The legal principles applicable to the determination of Tanamerah's solvency are well-established. The question whether Tanamerah is solvent or insolvent is to be determined by reference to s 95A of the Corporations Act. That section has effect that a company is solvent if, and only if, it is able to pay all its debts, as and when they become due and payable. Section 95A(2) has effect that a person who is not solvent is insolvent. That definition adopts a "cashflow test" of insolvency which turns upon the income sources available to the company and the expenditure obligations that it has to meet, although a balance sheet test can provide context for the application of the cashflow test: Southern Cross Interiors Pty Ltd (in liq) v Deputy Commissioner of Taxation [2001] NSWSC 621; (2001) 39 ACSR 305; Australian Securities and Investments Commission v Plymin (No 1) [2003] VSC 123; (2003) 46 ACSR 126 at [370]ff, aff'd Elliott v Australian Securities and Investments Commission [2004] VSCA 54; (2004) 48 ACSR 621. Whether a company is able to pay its debts as and when they fall due and payable is a question of fact to be determined objectively and the court will have regard to commercial realities in that regard: Southern Cross Interiors Pty Ltd (in liq) v Deputy Commissioner of Taxation above at [54]; Lewis (as liquidator of Doran Constructions Pty Ltd (in liq) v Doran [2005] NSWCA 243; (2005) 54 ACSR 410 at [103]; Bentley Smythe Pty Ltd v Anton Fabrications (NSW) Pty Ltd [2011] NSWSC 186; (2011) 248 FLR 384 at [48]-[49]. In Playspace Playground Pty Ltd v Osborn [2009] FCA 1486 at [40]; Reeves J observed that a determination of solvency is not based on a simple analysis of a company's current assets and liabilities or liquidity at a particular point in time and must involve a consideration of its financial position in its entirety, including matters such as expected profits and other sources of income and funding.

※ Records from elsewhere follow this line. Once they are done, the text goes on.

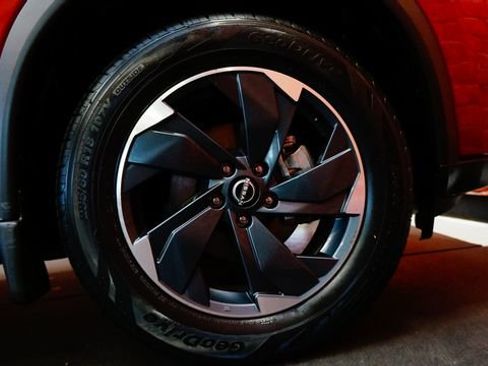Certified 2024 Nissan Rogue SV w/ SV Premium Package AWD/4WD image 90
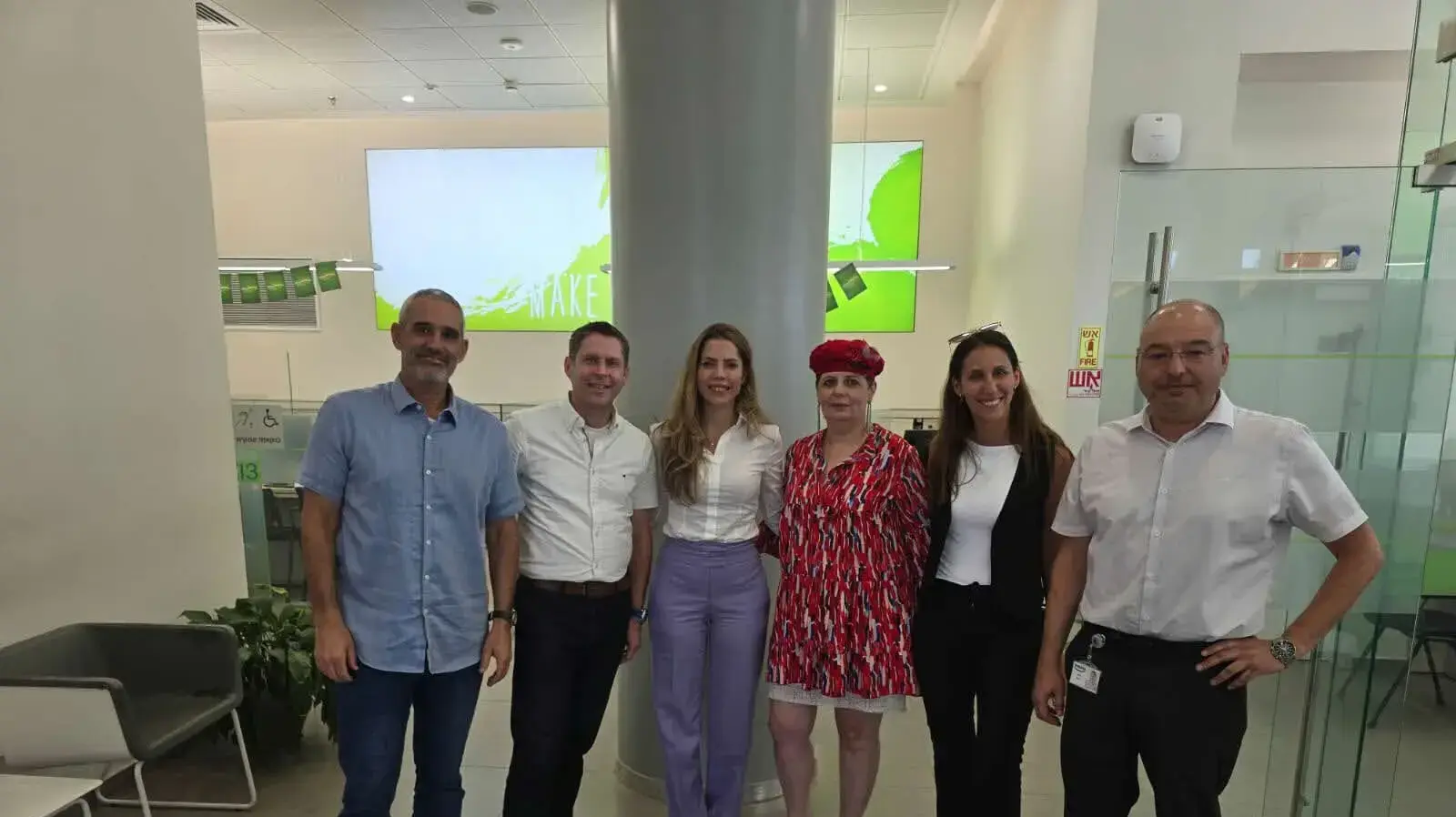 מימין לשמאל: ויקטור ברגר - מנהל סניף מרכנתיל ב"ש, עינב סבינצר - מנהלת מחוז הדרום התאחדות יועצי משכנתאות,
יעל קלמנוביץ' - מנהלת אזור ירושלים והדרום, בנק מרכנתיל, נופר יעקב - יו"ר התאחדות יועצי המשכנתאות מימין לשמאל: ויקטור ברגר - מנהל סניף מרכנתיל ב"ש, עינב סבינצר - מנהלת מחוז הדרום התאחדות יועצי משכנתאות,
יעל קלמנוביץ' - מנהלת אזור ירושלים והדרום, בנק מרכנתיל, נופר יעקב - יו"ר התאחדות יועצי המשכנתאות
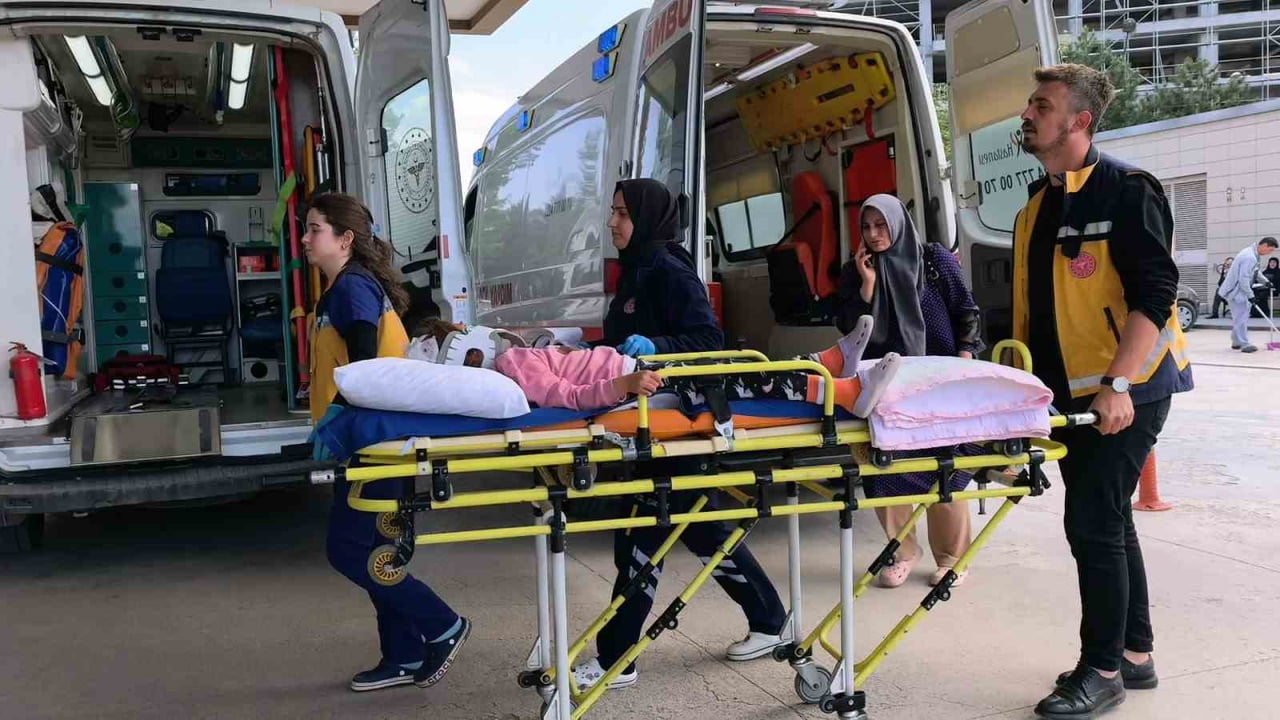 BURSA'NIN İNEGÖL İLÇESİNDE MEYDANA GELEN OLAYDA BALKONDAN BAŞINA MERMER DÜŞEN ÇOCUK AĞIR...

In determining a company's solvency, the court may have regard to the likelihood that it will have funds available to it from sources with which it has no formalised agreement or understanding, including loans from its directors or from third parties, at least if they are not repayable in the short term: Mulherin v Bank of Western Australia Ltd [2006] QCA 175; Williams (as liquidator of Scholz Motor Group Pty Ltd (in liq)) v Scholz [2008] QCA 94 at [110]; International Cat Manufacturing (in liq) v Rodrick [2013] QCA 372; (2013) 97 ACSR 200; First Strategic Development Corporation Ltd (in liq) v Chan [2014] QSC 60 at [67]-[69]. The company's ability to borrow funds can also be taken into account: Lewis v Doran above at [109]-[112].
Mr Klooster relies on five matters for the proposition that Tanamerah is insolvent in fact. The first is that, as I noted above, Mr Tydeman's evidence in his first affidavit dated 7 July 2016 is that Tanamerah does not conduct any business or have any commercial operations and has no cashflow, no assets, no property, no plant or equipment and no bank accounts, at least in its own right. Mr Whiffen, solicitor, who appeared for Tanamerah at the hearing on 10 November 2015, submitted that position would be typical of a company that solely functions as a trustee of a superannuation trust. While I accept that may be the case, such a company will be insolvent if it incurs debts that it cannot meet as and when they are due for payments from its own resources or funds lend to it (other than on a basis that they are also immediately repayable) or by exercising a right of indemnity against the assets of the relevant trust.
Second, Mr Klooster submits that the Deed of Credit Facility provided by Ms Tydeman does not establish solvency, where it substitutes loan funds available for a short term or payable on demand, being one form of an immediate or near immediate obligation, for an existing immediate obligation. Mr Klooster refers to Australian Securities and Investments Commission v Edwards [2005] NSWSC 831; (2005) 54 ACSR 583 at [99], where Barrett J (as his Honour then was) observed that:
"… the availability of such funds in the form of a loan will not enhance solvency (or have the potential to avoid a finding of insolvency) unless the loan terms are such as to exclude the loan liability from consideration in its own right as part of the debts due or near due. In other words, availability of loan funds for a very short term or payable on demand, as a source from which debts overdue may be paid, does not enhance solvency: it merely substitutes one form of immediate (or near immediate) obligation for another. There is also the point (emphasised by the Court of Appeal in Expile Pty Ltd v Jabb's Excavations Pty Ltd (2003) 45 ACSR 711; [2003] NSWCA 163) that the capacity to raise funds from external sources must be judged in a practical and businesslike way by reference to the commercial realities of the case, not by way of some theoretical textbook exercise. Possibilities are not enough. Genuine and realistic availability, as a matter of commercial reality, must be seen."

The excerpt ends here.